Now, if my entire sense of self-worth was derived from whether I succeeded or failed, I suppose I might have to change my mantra.  If I’m a rookie quarterback thrust into the starting job, I might not have the luxury of carefully, thoughtfully learning how to get better.

It isn’t about encouraging and cheering your son after he hits a home run.  Nor is it about coddling him after he strikes out.  It’s about helping him to understand outcomes and the linkage between cause and effect.  A home run is just a home run if you hit it and move on.  Same with a strikeout.  But if you can learn more about why you hit the home run or about why you struck out, it can translate into something tangible in the future.  Something of real value.

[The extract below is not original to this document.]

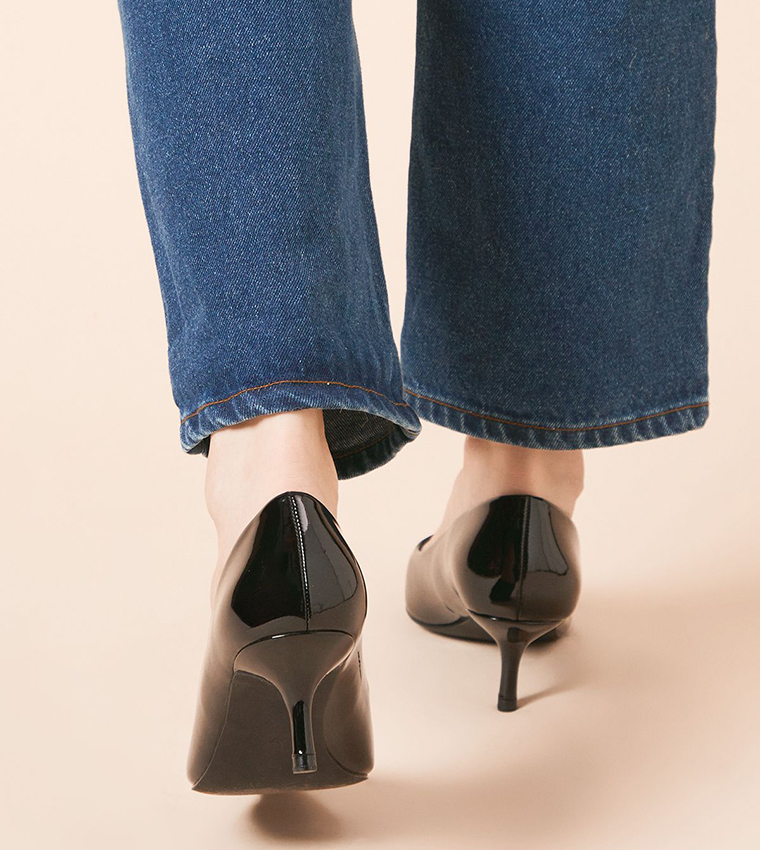 Dove Kitten Heel Pumps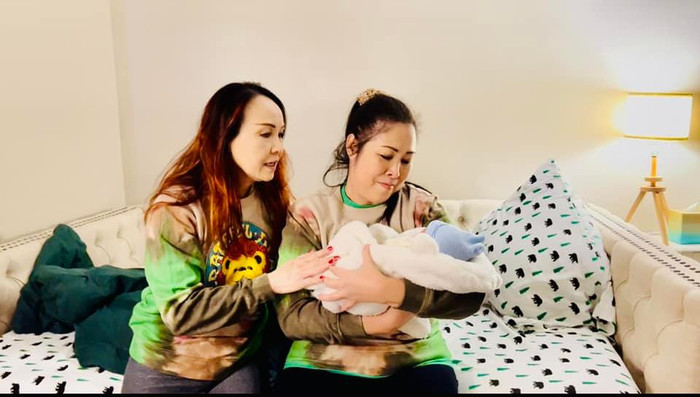 NSND Hồng Vân và cháo ngoại.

If you’re not interested in hitting more home runs and striking out less in the future, then feel free to disregard this advice.  But if you want to be a better investor, then understand that it’s OK to make some bad trades so long as you identify why it was you lost money and take steps to rectify it for next time.

Focus on the process, not the outcome.  That’s what will help you be a better investor.

7. Don’t buy into your own success.

Sometimes you’ll win.  Even if you’re not very good.  Sometimes you’ll win a few in a row.  The worst thing you can do is start to think you’re hot stuff.

I saw a lot of people buy a lot of houses in the boom years.  Most of them thought they had real talent.  They thought they had “the touch.”  Every property they bought and flipped was a winner.  They were awesome like Donald Trump!  So they kept buying more and kept buying bigger because they were mini moguls and success was their destiny.

But it turned out that they had nothing to do with their success.  Just about all of their success was actually attributable to the magical happenstance of simply being alive during an environment when a bunch of different variables all lined up to create a generational bubble in real estate.

It turned out that they weren’t very good real estate investors after all.  It turned out that they couldn’t identify shifts in the market and it turned out that they couldn’t navigate a market moving the other direction.  They blew up.  Sure, a lot of legitimately skillful real estate investors lost money too.  But they lost a whole lot less on a relative basis.

Do not — I repeat — DO NOT mistake luck for skill.  Never buy too much into your own success because your success may have a lot less to do with you than you may be comfortable admitting.

Nowhere is this more true than the world of investing.  And nowhere is it easier to buy into your own success than in trading the capital markets.  But don’t do it.  Don’t buy into your own hype.

Games provide an efficient, safe, and high-feedback environment to learn this lesson and learn it for good.

8. You’ll never know it all.

I think these are all pretty good lessons.  They’ve served me reasonably well over the course of my young life.  I’ve found them useful and broadly applicable.  I think you might feel the same way.

Are these lessons you learn elsewhere in life?  Yeah, some of them.  But these are lessons that are explicit and obvious if you play games.  When you play games these things are beaten into your head.  And you have fun while it’s happening.

The other neat thing about playing games is that they always show you how much left you have to learn.  Every time I bring out the chess board or hit the golf course, I’m reminded of the fact that I could dedicate the rest of my life to mastering the game and never know it all.  It’s a humbling realization, but it’s also kind of comforting.

As an investor, I have a lot left to learn.  Games taught me that that was OK.

Games taught me that I’ll never be a master, but that what really mattered was to keep working towards it.